Après six mois à voguer de contrat en contrat, Pierre Raymond fonde Hybride avec ses anciens collègues Daniel Leduc et Sylvie Talbot. Le vice-président aux finances Michel Murdock se joint à l'entreprise, dont le plan d'affaires initial est de mettre au point des équipements et des logiciels de tournage numérique en vue de les revendre. Pour les tester, on aménage le premier studio d'enregistrement numérique au pays. «Après six mois, on s'est surtout rendu compte qu'on s'ennuyait des créateurs, dit Pierre Raymond, président d'Hybride. On a vite été assailli par les grandes boîtes de pub de Montréal qui voulaient faire des nouveaux effets avec la technologie numérique.»

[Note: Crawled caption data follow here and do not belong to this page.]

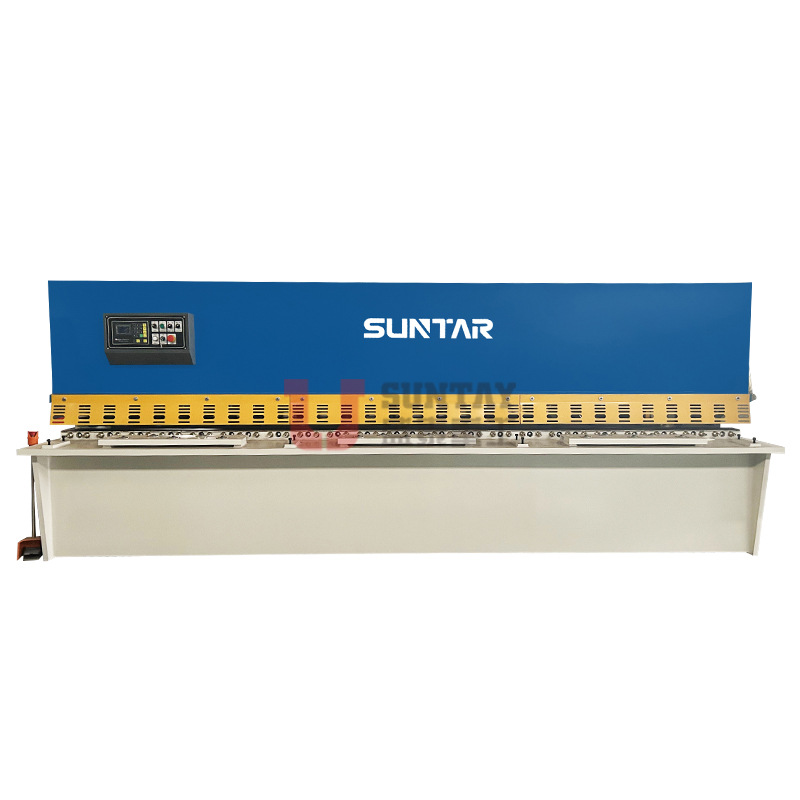 Customized Shearing Machine Cnc Hydraulic Swing Shearing Machine Stainless Steel Galvanized Sheet Fully Automatic High Precision Shearing Machine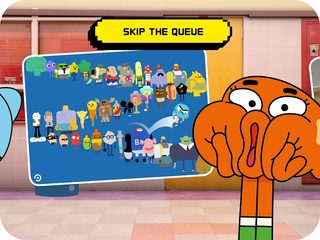 Screenshot 11: Skip-A-Head - Gumball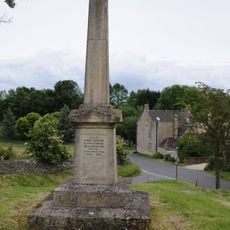 Aldsworth War Memorial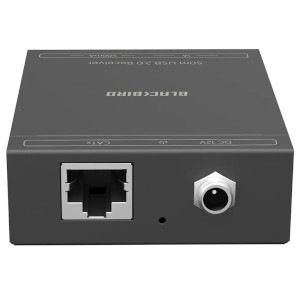 USB 2.0 4-Port Extender Over Cat5e/Cat6 Connect and control up to four USB devices at distances up t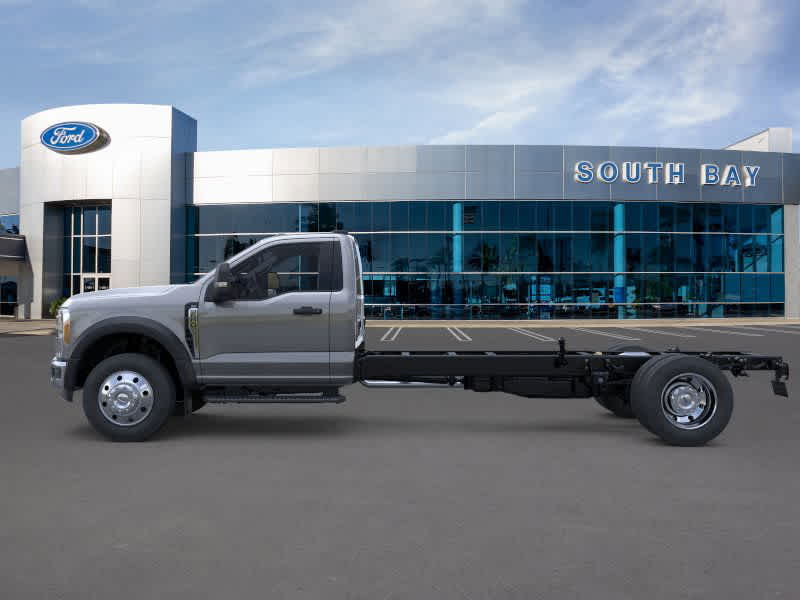 2026 Ford Super Duty F-600 DRW 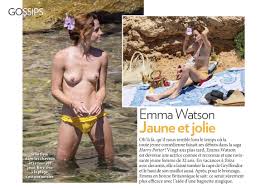 Emma Watson nude, naked - Pics and Videos - ImperiodeFamosas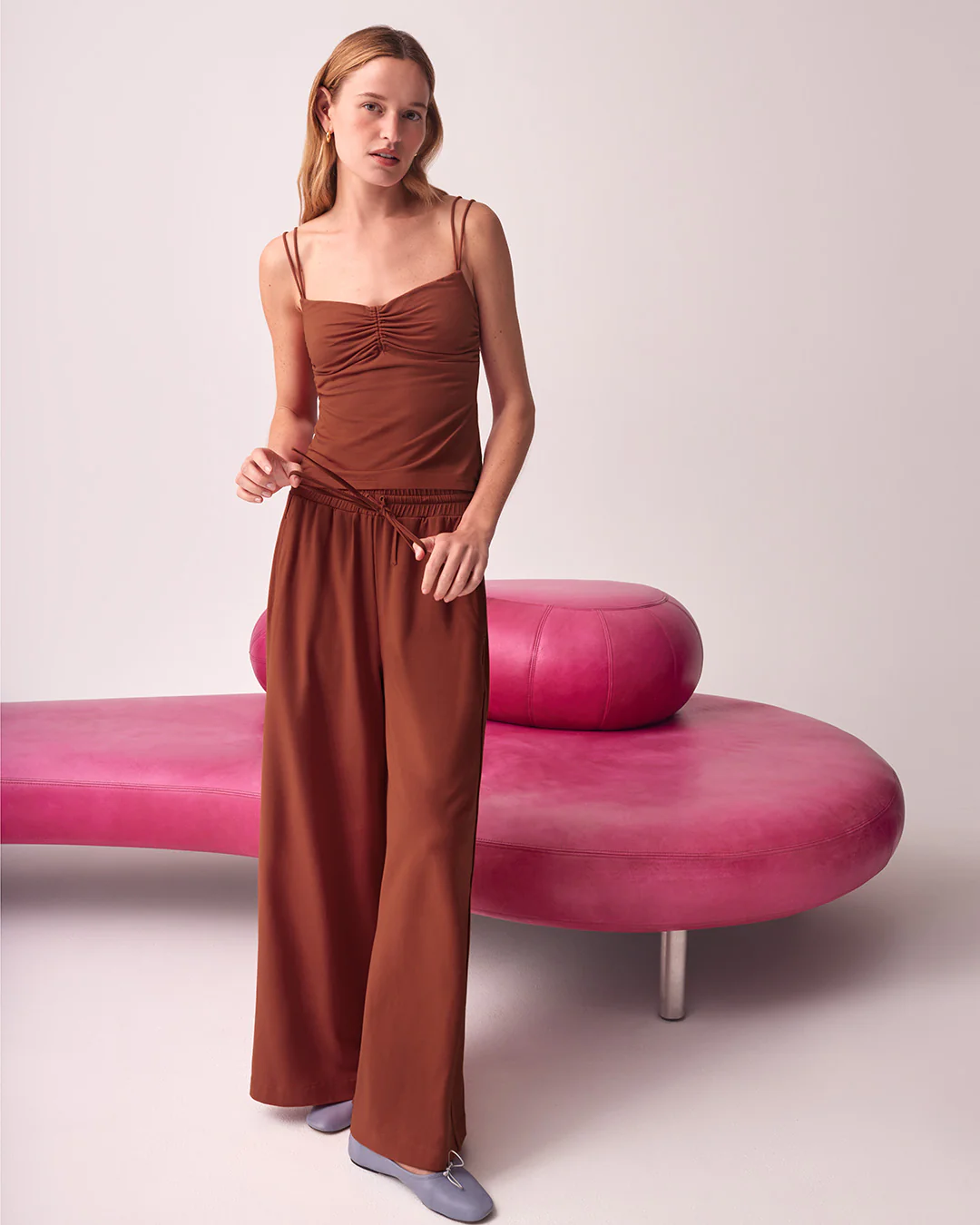 Wide-Leg Drawstring Pant - Image 6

Hybride change donc son plan de match et tourne environ 200 pubs par année, en plus des séries télés et des vidéos corporatifs. Jusqu'en 1994, alors que la technologie numérique fait son apparition au grand écran. Aujourd'hui, le studio de Piedmont brasse 80% de ses affaires à Hollywood, 15% dans des films en Europe et 5% au Québec. Son carnet de commandes se remplit de six à neuf mois à l'avance, même sans agent à Hollywood. «Nous faisons notre publicité que par notre travail, dit Pierre Raymond. C'est un milieu très restreint. Il y a 25 superviseurs d'effets spéciaux à Hollywood. Eux attendent les crédits à la fin du film et prennent des notes sur les boîtes d'effets spéciaux...»

Après avoir été courtisés par plusieurs studios hollywoodiens, les actionnaires d'Hybride vendent plutôt à l'éditeur français de jeu vidéo Ubisoft en 2008. «Nous avons refusé toutes les approches des studios car nous ne sentions pas que c'était dans un contexte d'innovation mais dans un contexte de réductions de coûts, dit Pierre Raymond. Ubisoft est arrivé avec un plan et une mentalité différents. Nous étions fascinés par les jeux vidéo et nous nous sommes rendus compte au fil des discussions que nous avions la même clientèle. Le gars qui va voir le film 300 va acheter le jeu vidéo Assassin's Creed. Nos mondes sont condamnés à se croiser dans le temps.»